The composer’s personal view is that while ‘The Biz’ wants you to repeat your winning formula, lifetime is limited and the imagination deserves to explore everything that attracts it. This has included some unusual concertos, one for Javanese gamelan and Western orchestra (Swans Reflecting Elephants), another for African drummers and five ensembles (Two-Way Talking), and a concerto for jazz piano and brass (Lucifer), each of them broadcast on Radio 3. But here, in the 20-year project that is A Pianist’s I Ching, we may perceive a synthesis of Poole’s love of exploration and an explicit, limiting, framework.
The I Ching (the ancient Chinese ‘Classic of Changes’) is both an oracle and a philosophical treatise in which every situation is regarded as a further stepping stone in our developing consciousness. Change (Transformation through Time), is of course the essential condition of Music, but by composing a short character-piece to each one of the I Ching’s 64 states of being, Poole has pressed his imagination into concepts and feelings unfamiliar to Western minds and ears. In many of these pieces the musical language is readily approachable, yet the outcome can be surprising. Such is the nature of Change.
The title A Pianist’s I Ching merits comment. Geoffrey Poole is many things; a dedicated teacher, a retired professor, an environmentalist, a grandpa - but a pianist? Not in the sense of an academy-trained performer, even though he did acquire an LRAM back in the days when external applicants could sit the exam. But yes, in the sense that he has played piano from year dot. He could play all the Beethoven Sonatas when he was fifteen; in fact, he did so in one weekend in September 1964, and analysed all 96 movements too.
He is a pianist in the sense of knowing what all the notes are in whatever he hears, where and how they would be played on the keyboard, how to evoke magical textures; his musicality is inherently pianistic.
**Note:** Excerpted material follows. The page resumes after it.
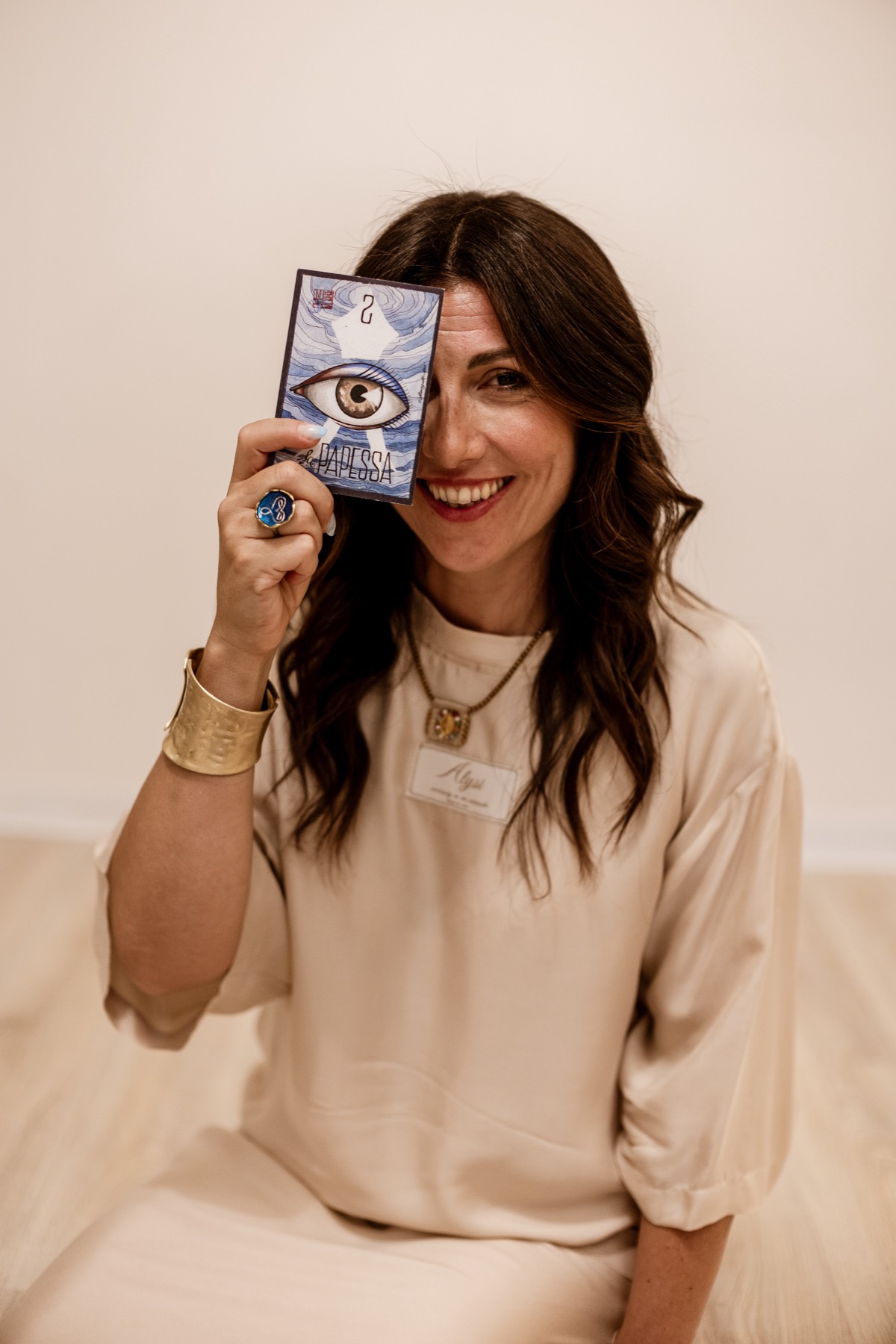 Ritratto di Serena Cirone sorridente con una carta davanti all'occhio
So, while several of the tracks on this disc were premiered at the Purcell Room by outstanding young pianists (they are recognised in the composer’s dedications, listed in the sleeve booklet) - and by Geoff’s own reckoning they performed much more brilliantly than he does - this disc closes the interpretation gap between text and execution; it establishes what the score was designed to achieve.
In the opinion of critic and author Stephen Johnson, “Humour and hushed awe, lyrical poetry and spiky playfulness, romantic yearning and teasing irony - the range is immense, conveyed through a chain of endlessly inventive miniatures, beautifully conceived for the piano, and beautifully played by the composer himself.”